(Brief descriptive captions)

-.-.-

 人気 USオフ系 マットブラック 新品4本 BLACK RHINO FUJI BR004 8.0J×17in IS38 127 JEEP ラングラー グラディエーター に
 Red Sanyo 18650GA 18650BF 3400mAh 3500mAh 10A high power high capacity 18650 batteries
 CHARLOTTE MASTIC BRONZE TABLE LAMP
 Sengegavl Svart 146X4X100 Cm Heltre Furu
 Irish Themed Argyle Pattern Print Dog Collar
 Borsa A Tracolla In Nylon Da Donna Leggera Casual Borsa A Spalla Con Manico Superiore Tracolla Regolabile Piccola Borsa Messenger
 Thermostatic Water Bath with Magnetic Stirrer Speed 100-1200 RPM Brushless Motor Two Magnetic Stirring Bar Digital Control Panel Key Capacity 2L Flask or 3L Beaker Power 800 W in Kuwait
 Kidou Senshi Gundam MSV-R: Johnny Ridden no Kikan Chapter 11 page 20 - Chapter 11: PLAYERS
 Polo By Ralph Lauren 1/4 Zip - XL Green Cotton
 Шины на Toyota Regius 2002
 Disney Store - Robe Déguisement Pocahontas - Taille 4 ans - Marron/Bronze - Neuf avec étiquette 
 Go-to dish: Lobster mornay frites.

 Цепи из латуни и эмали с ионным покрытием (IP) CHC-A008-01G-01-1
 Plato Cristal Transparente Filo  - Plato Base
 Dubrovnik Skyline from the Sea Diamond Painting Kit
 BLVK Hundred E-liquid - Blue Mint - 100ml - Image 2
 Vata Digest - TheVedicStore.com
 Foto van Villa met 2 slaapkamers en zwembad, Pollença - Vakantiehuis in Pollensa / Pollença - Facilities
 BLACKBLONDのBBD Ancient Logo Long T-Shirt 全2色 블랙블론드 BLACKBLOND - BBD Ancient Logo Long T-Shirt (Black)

-.-.-

» **Brief**
Only this range is to be output: the line that contains "Red Sanyo 18650GA" through the last line of the records above, both inclusive.

» **Task output**
 Red Sanyo 18650GA 18650BF 3400mAh 3500mAh 10A high power high capacity 18650 batteries
 CHARLOTTE MASTIC BRONZE TABLE LAMP
 Sengegavl Svart 146X4X100 Cm Heltre Furu
 Irish Themed Argyle Pattern Print Dog Collar
 Borsa A Tracolla In Nylon Da Donna Leggera Casual Borsa A Spalla Con Manico Superiore Tracolla Regolabile Piccola Borsa Messenger
 Thermostatic Water Bath with Magnetic Stirrer Speed 100-1200 RPM Brushless Motor Two Magnetic Stirring Bar Digital Control Panel Key Capacity 2L Flask or 3L Beaker Power 800 W in Kuwait
 Kidou Senshi Gundam MSV-R: Johnny Ridden no Kikan Chapter 11 page 20 - Chapter 11: PLAYERS
 Polo By Ralph Lauren 1/4 Zip - XL Green Cotton
 Шины на Toyota Regius 2002
 Disney Store - Robe Déguisement Pocahontas - Taille 4 ans - Marron/Bronze - Neuf avec étiquette 
 Go-to dish: Lobster mornay frites.

 Цепи из латуни и эмали с ионным покрытием (IP) CHC-A008-01G-01-1
 Plato Cristal Transparente Filo  - Plato Base
 Dubrovnik Skyline from the Sea Diamond Painting Kit
 BLVK Hundred E-liquid - Blue Mint - 100ml - Image 2
 Vata Digest - TheVedicStore.com
 Foto van Villa met 2 slaapkamers en zwembad, Pollença - Vakantiehuis in Pollensa / Pollença - Facilities
 BLACKBLONDのBBD Ancient Logo Long T-Shirt 全2色 블랙블론드 BLACKBLOND - BBD Ancient Logo Long T-Shirt (Black)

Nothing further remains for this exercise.